Find the line with "Ein gepflegter Garten" in the entries below, then reproduce it and every line after it down to and including the line with "314 Ruckel Drive", exactly.

**Data for this task:**
────────────────────

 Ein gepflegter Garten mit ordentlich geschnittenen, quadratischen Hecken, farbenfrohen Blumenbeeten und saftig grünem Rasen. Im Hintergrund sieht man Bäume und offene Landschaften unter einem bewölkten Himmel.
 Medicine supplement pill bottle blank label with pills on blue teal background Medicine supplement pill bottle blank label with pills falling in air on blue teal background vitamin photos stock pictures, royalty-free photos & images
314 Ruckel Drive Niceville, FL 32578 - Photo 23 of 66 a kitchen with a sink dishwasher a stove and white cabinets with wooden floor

────────────────────

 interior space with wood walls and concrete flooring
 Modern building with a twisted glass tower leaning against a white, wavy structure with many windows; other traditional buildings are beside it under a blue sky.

────────────────────

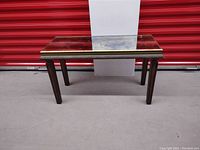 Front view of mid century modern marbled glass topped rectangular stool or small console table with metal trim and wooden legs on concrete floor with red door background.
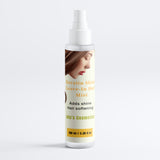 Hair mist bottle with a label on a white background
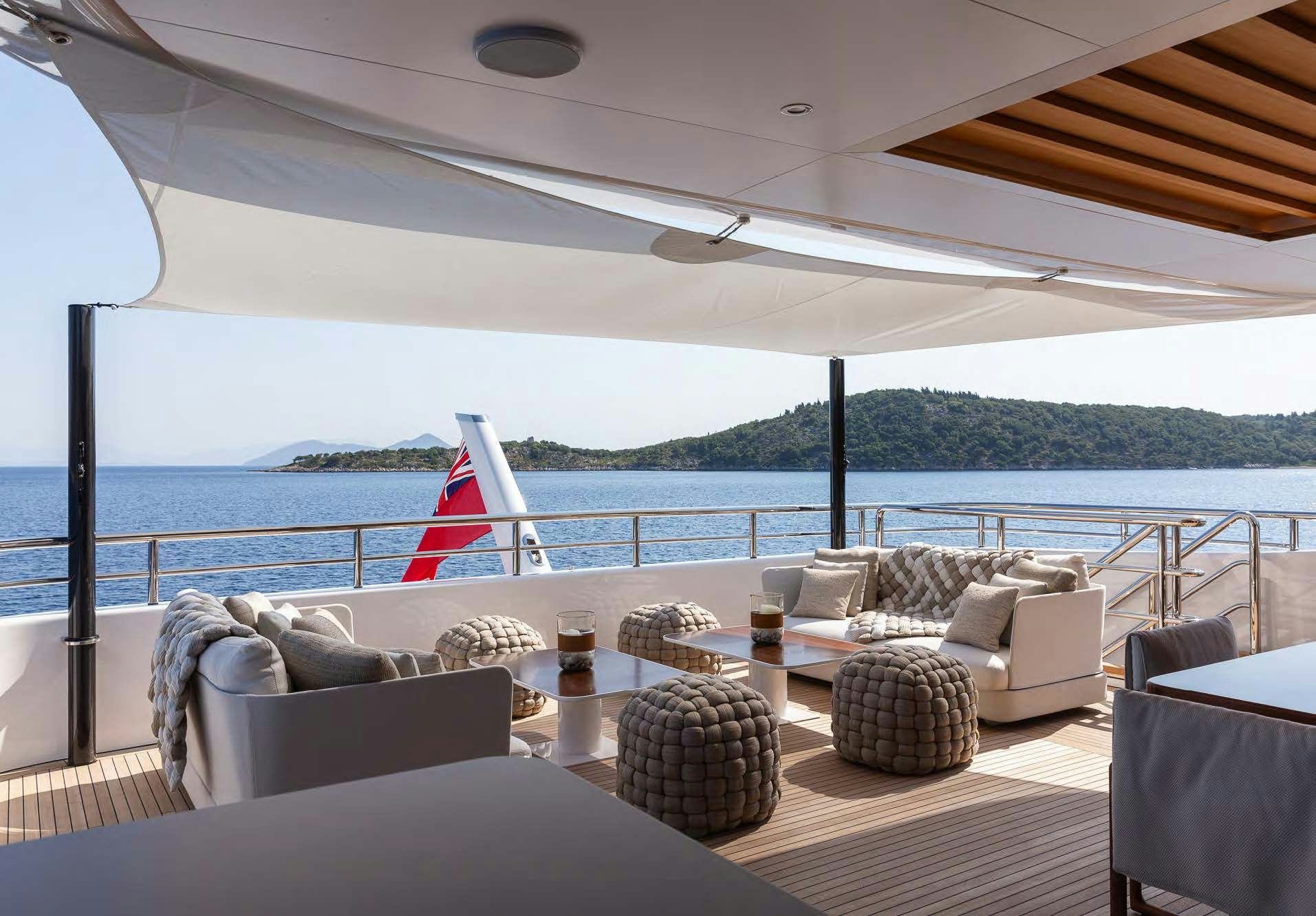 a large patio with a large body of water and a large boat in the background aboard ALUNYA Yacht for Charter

────────────────────

**Task solution:**
 Ein gepflegter Garten mit ordentlich geschnittenen, quadratischen Hecken, farbenfrohen Blumenbeeten und saftig grünem Rasen. Im Hintergrund sieht man Bäume und offene Landschaften unter einem bewölkten Himmel.
 Medicine supplement pill bottle blank label with pills on blue teal background Medicine supplement pill bottle blank label with pills falling in air on blue teal background vitamin photos stock pictures, royalty-free photos & images
314 Ruckel Drive Niceville, FL 32578 - Photo 23 of 66 a kitchen with a sink dishwasher a stove and white cabinets with wooden floor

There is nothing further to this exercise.